Embora a proposta concreta, um anteprojeto de lei para substituir o atual modelo – vigente desde 1962, ainda não esteja na mesa de discussões, uma plataforma formada por entidades da sociedade civil estabeleceu diretrizes para “democratizar as comunicações no Brasil”. Em entrevista ao Centro Knight para o Jornalismo nas Américas, Brant comenta alguns pontos destas diretrizes, defende a urgência na aprovação de um novo marco e explica por que considera a falta de pluralidade da mídia brasileira, que levou a ONG Repórteres sem Fronteiras a publicar relatório intitulado “Brasil, o país dos 30 Berlusconis”, um entrave à liberdade de expressão no país.

Como você avalia a decisão do governo de adiar o encaminhamento do novo marco regulatório neste mandato?

João Brant – Essa é uma pauta histórica, aliás, é pré-histórica. Desde a década de 70 falamos da necessidade de um novo marco regulatório. No governo Fernando Henrique houve propostas nesse sentido, mas foi no governo Lula que criou-se uma expectativa de que isso pudesse avançar. Não houve nenhum movimento público efetivo até a 1ª conferência Nacional de Comunicação, em 2009, que foi o momento em que o governo aceitou chamar os diferentes setores sociais para discutir o tema e construir propostas. Em 2010, foi formado um grupo de trabalho que formatou um anteprojeto de lei a partir do resultado da conferência e o entregou para o Paulo Bernardo, ministro das comunicações. Ele informou que até o segundo semestre de 2010 faria uma consulta pública, que nunca aconteceu. E então a proposta foi ficando cada vez mais de lado e chegamos a este ponto onde o governo atual anuncia este adiamento. Embora haja um reconhecimento claro de várias entidades da necessidade desse novo marco regulatório, o governo alega não ter tempo pra isso. Isso reflete a opinião de dois grupos no governo. Um que não vê o tema como uma prioridade política estratégica e outro que não está disposto a enfrentar o debate público, que certamente não será tranquilo e fácil, pois há muitos interesses envolvidos.

Temos uma legislação antiga para o setor de comunicações, que data de 1962, e de lá pra cá as tecnologias comunicacionais avançaram muito. Há necessidade e é eficaz regulamentar este setor num tempo de mudanças aceleradas dos meios de comunicação?

J.B. –Não há dúvida. A necessidade de um novo marco regulatório passa pela questão da atualização tecnológica, que é importante, mas passa sobretudo pelo dever de dar concretude a valores constitucionais democráticos. A atual legislação não vê o pluralismo e a diversidade como valores fundantes do sistema de comunicação. Todas as democracias consolidadas têm feito um esforço de atualização dos seus marcos regulatórios. O fato de você ter um conjunto de avanços tecnológicos não supera a imprescindibilidade de medidas para impedir a concentração e garantir a diversidade e o pluralismo, além do respeito aos direitos humanos, neste setor. Embora a internet seja considerada uma tecnologia que cria as condições para o exercício da liberdade de expressão, ela não traz em si a superação da urgência de um novo marco regulatório.

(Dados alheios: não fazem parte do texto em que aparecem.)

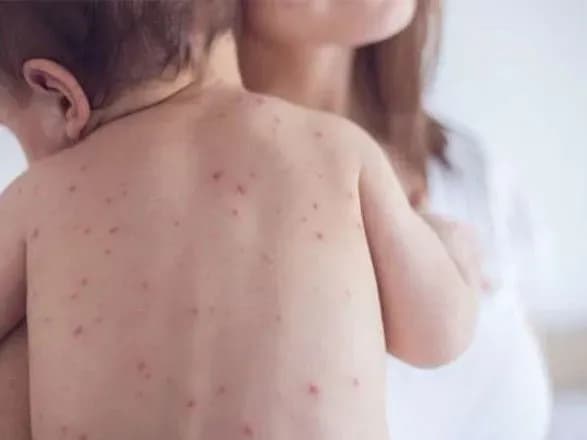 moz-v-odeskiy-oblasti-vid-koru-pomerla-5-misyachna-ditina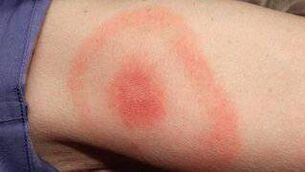 <p>The most common sign of infection is a skin rash, known as Bullseye rash or erythema migrans. File picture: HSE.ie</p>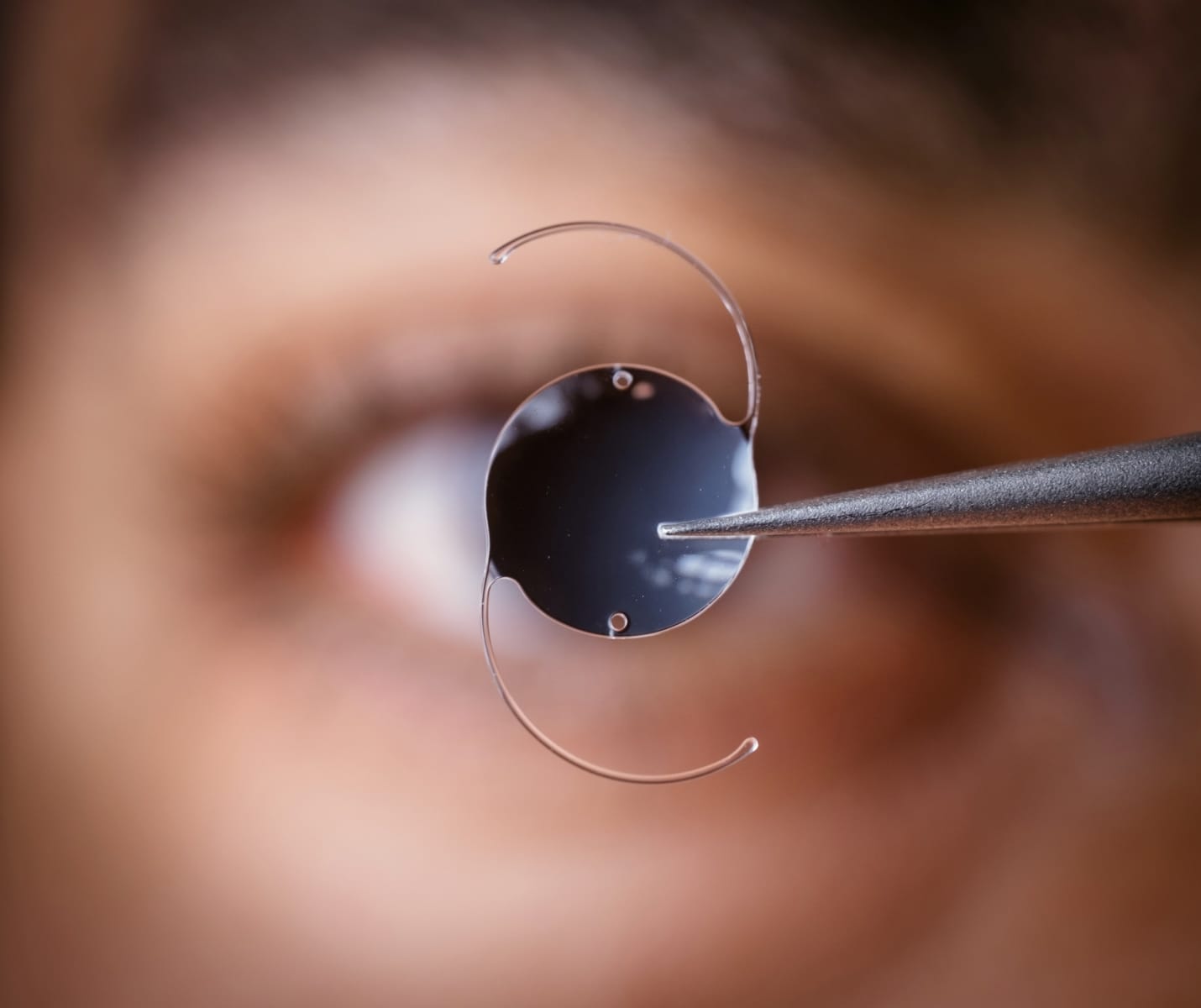 Chirurgie des implants de cataracte chez le Dr Hamelin-Gervais au Mans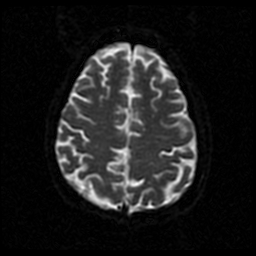 My Brain. Brain MRI Pictures.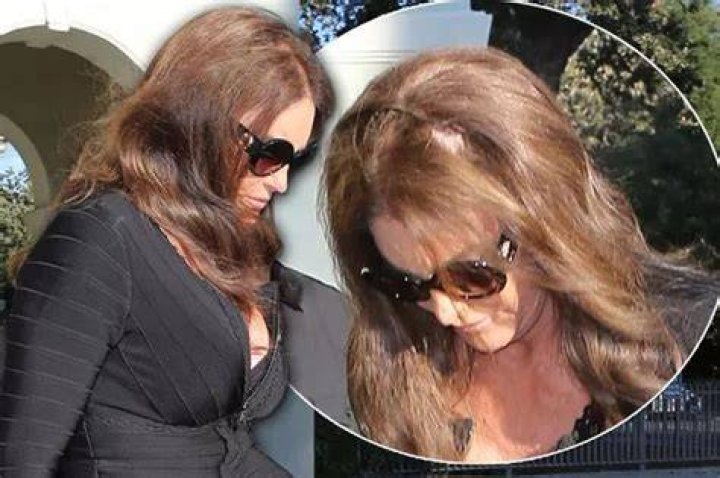 Caitlyn Jenner Hair Malfunction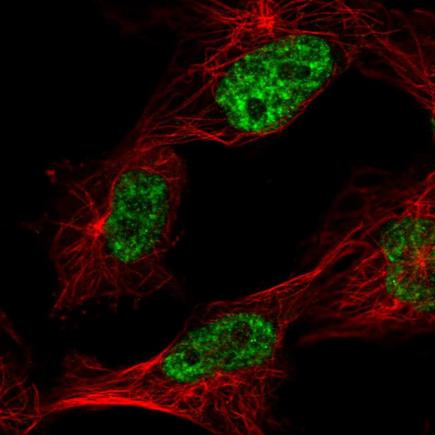 Immunocytochemistry/ Immunofluorescence - Anti-C1orf77/FOP antibody (AB220086)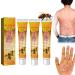 Bee Venom Psoriasis Treatment Cream New Zealand Bee Venom Professional Psoriasis Treatment Cream Soothing and Moisturizing Psoriasis Cream Psoriasis Treatment for Skin (Size : 3PCS)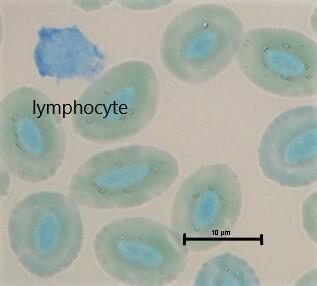MFU 5 Lymphocyte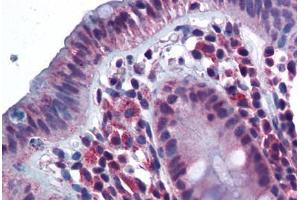Human Colon (formalin-fixed, paraffin-embedded) stained with CD180 antibody ABIN343899 at 5 ug/ml followed by biotinylated goat anti-rabbit IgG secondary antibody ABIN481713, alkaline phosphatase-streptavidin and chromogen. (CD180 Antikörper  (N-Term))
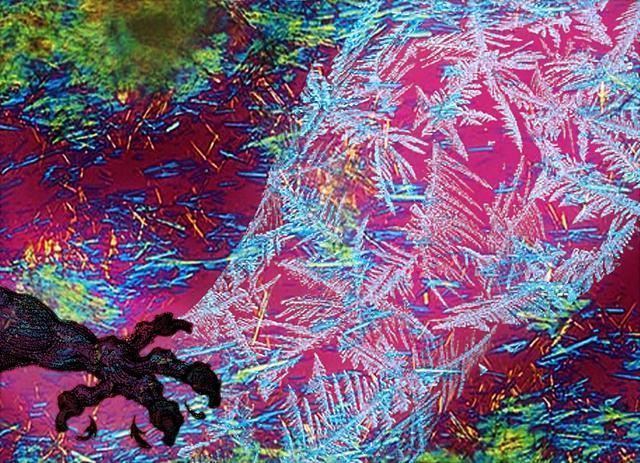 尿酸620需要吃多久的降尿酸药,尿酸486没有症状需要吃药降尿酸吗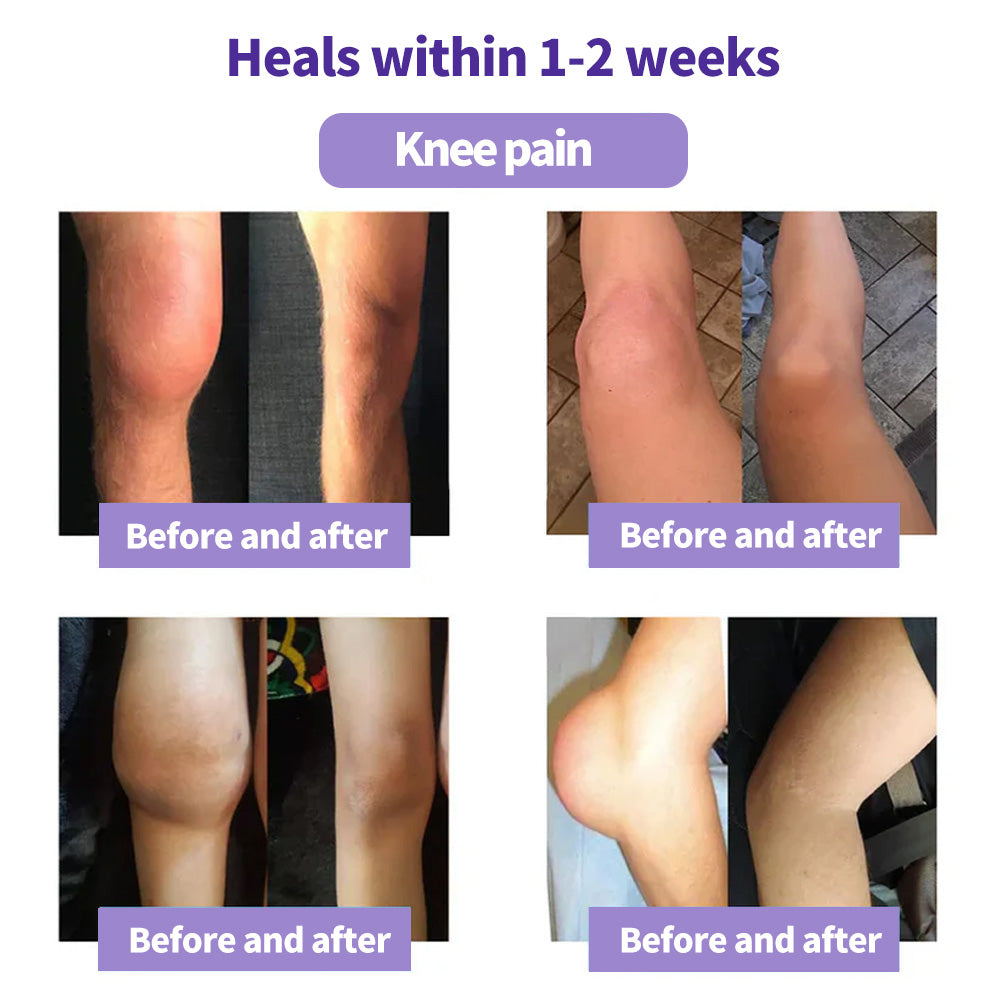 👨‍⚕️🦴Rolimey® Turmeric & Emu Oil Arthritis Soothing Pain Relief Massage Gel🛡️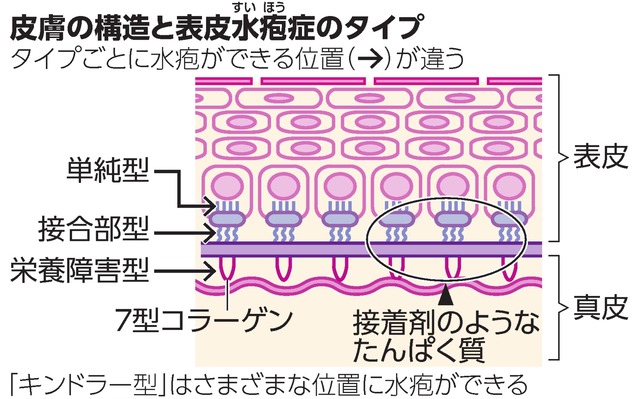 写真・図版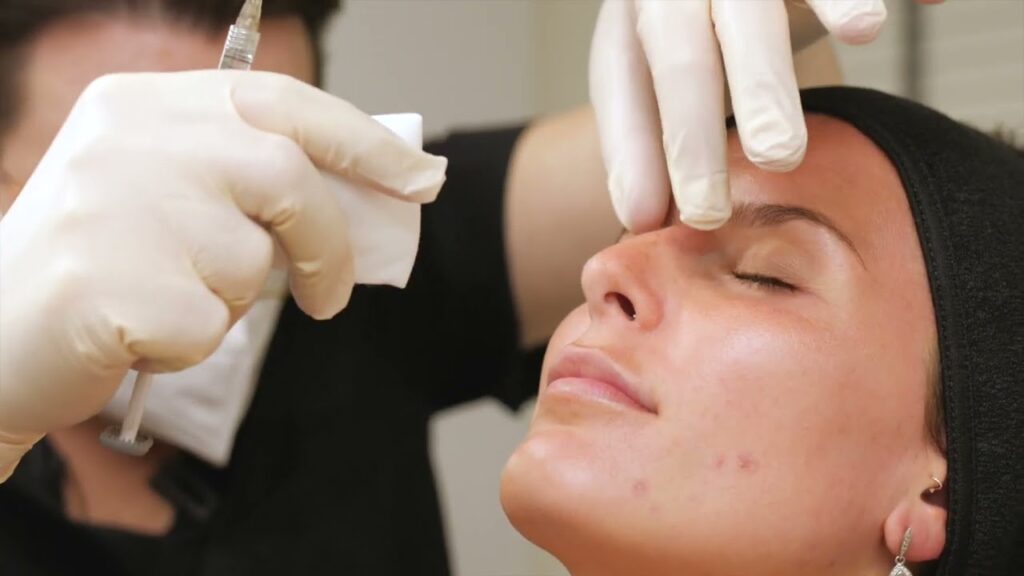 Nose Fillers in Dubai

O que é mais urgente modificar nesta legislação de 1962?

J.B. –Mais urgente é entender como lidar com a concentração dos meios de comunicação. Quando eu falo em concentração, penso em três medidas de enfrentamento. A primeira é relacionada ao setor comercial privado, onde temos um cenário em que a principal emissora do Brasil detém 45% da audiência e 73% das verbas publicitárias, bastante concentrado em termos de arrecadação. A segunda está relacionada à ampliação do setor público e comunitário, já que o sistema brasileiro marginaliza as emissoras comunitárias e as públicas ainda são bastante insipientes. E a terceira diz respeito ao pluralismo interno, ou seja, a desconcentração a partir da garantia de acesso de produções regionais e independentes às TVs comerciais, coisa que o mundo inteiro já regulou. É algo que está previsto na Constituição, mas na TV aberta ainda está muito longe de acontecer.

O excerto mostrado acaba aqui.